* [Task details]
All of the records below need to be returned exactly.

*** Input records ***

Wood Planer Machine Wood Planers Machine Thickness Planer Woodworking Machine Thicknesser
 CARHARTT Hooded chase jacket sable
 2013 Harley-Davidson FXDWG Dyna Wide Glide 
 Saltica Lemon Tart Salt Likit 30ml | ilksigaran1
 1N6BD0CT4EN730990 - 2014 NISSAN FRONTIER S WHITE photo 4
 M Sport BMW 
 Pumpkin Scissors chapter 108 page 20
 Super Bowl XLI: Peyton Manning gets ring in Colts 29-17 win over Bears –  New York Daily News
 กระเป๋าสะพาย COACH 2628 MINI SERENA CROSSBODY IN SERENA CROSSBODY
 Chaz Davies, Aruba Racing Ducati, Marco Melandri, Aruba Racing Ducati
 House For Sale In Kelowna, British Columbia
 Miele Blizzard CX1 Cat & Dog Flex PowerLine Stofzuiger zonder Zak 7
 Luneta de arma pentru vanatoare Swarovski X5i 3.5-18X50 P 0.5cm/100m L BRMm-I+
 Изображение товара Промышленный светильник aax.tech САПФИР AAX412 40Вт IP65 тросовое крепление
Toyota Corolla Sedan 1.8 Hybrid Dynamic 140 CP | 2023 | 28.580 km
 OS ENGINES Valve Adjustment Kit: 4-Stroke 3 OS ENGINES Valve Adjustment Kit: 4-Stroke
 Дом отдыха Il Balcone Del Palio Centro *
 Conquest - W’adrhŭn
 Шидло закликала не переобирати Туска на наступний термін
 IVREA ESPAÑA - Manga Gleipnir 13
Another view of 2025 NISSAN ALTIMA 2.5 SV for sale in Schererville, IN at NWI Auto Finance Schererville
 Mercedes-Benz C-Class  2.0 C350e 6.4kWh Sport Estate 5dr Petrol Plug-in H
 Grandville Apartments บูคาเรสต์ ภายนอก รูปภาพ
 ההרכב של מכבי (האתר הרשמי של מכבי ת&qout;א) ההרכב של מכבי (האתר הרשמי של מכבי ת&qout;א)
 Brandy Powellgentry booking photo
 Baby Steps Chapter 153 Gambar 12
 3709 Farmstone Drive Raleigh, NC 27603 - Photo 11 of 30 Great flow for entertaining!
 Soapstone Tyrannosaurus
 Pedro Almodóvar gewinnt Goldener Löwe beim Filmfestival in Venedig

*** End of Input records ***

* [Answer for the task]
Wood Planer Machine Wood Planers Machine Thickness Planer Woodworking Machine Thicknesser
 CARHARTT Hooded chase jacket sable
 2013 Harley-Davidson FXDWG Dyna Wide Glide 
 Saltica Lemon Tart Salt Likit 30ml | ilksigaran1
 1N6BD0CT4EN730990 - 2014 NISSAN FRONTIER S WHITE photo 4
 M Sport BMW 
 Pumpkin Scissors chapter 108 page 20
 Super Bowl XLI: Peyton Manning gets ring in Colts 29-17 win over Bears –  New York Daily News
 กระเป๋าสะพาย COACH 2628 MINI SERENA CROSSBODY IN SERENA CROSSBODY
 Chaz Davies, Aruba Racing Ducati, Marco Melandri, Aruba Racing Ducati
 House For Sale In Kelowna, British Columbia
 Miele Blizzard CX1 Cat & Dog Flex PowerLine Stofzuiger zonder Zak 7
 Luneta de arma pentru vanatoare Swarovski X5i 3.5-18X50 P 0.5cm/100m L BRMm-I+
 Изображение товара Промышленный светильник aax.tech САПФИР AAX412 40Вт IP65 тросовое крепление
Toyota Corolla Sedan 1.8 Hybrid Dynamic 140 CP | 2023 | 28.580 km
 OS ENGINES Valve Adjustment Kit: 4-Stroke 3 OS ENGINES Valve Adjustment Kit: 4-Stroke
 Дом отдыха Il Balcone Del Palio Centro *
 Conquest - W’adrhŭn
 Шидло закликала не переобирати Туска на наступний термін
 IVREA ESPAÑA - Manga Gleipnir 13
Another view of 2025 NISSAN ALTIMA 2.5 SV for sale in Schererville, IN at NWI Auto Finance Schererville
 Mercedes-Benz C-Class  2.0 C350e 6.4kWh Sport Estate 5dr Petrol Plug-in H
 Grandville Apartments บูคาเรสต์ ภายนอก รูปภาพ
 ההרכב של מכבי (האתר הרשמי של מכבי ת&qout;א) ההרכב של מכבי (האתר הרשמי של מכבי ת&qout;א)
 Brandy Powellgentry booking photo
 Baby Steps Chapter 153 Gambar 12
 3709 Farmstone Drive Raleigh, NC 27603 - Photo 11 of 30 Great flow for entertaining!
 Soapstone Tyrannosaurus
 Pedro Almodóvar gewinnt Goldener Löwe beim Filmfestival in Venedig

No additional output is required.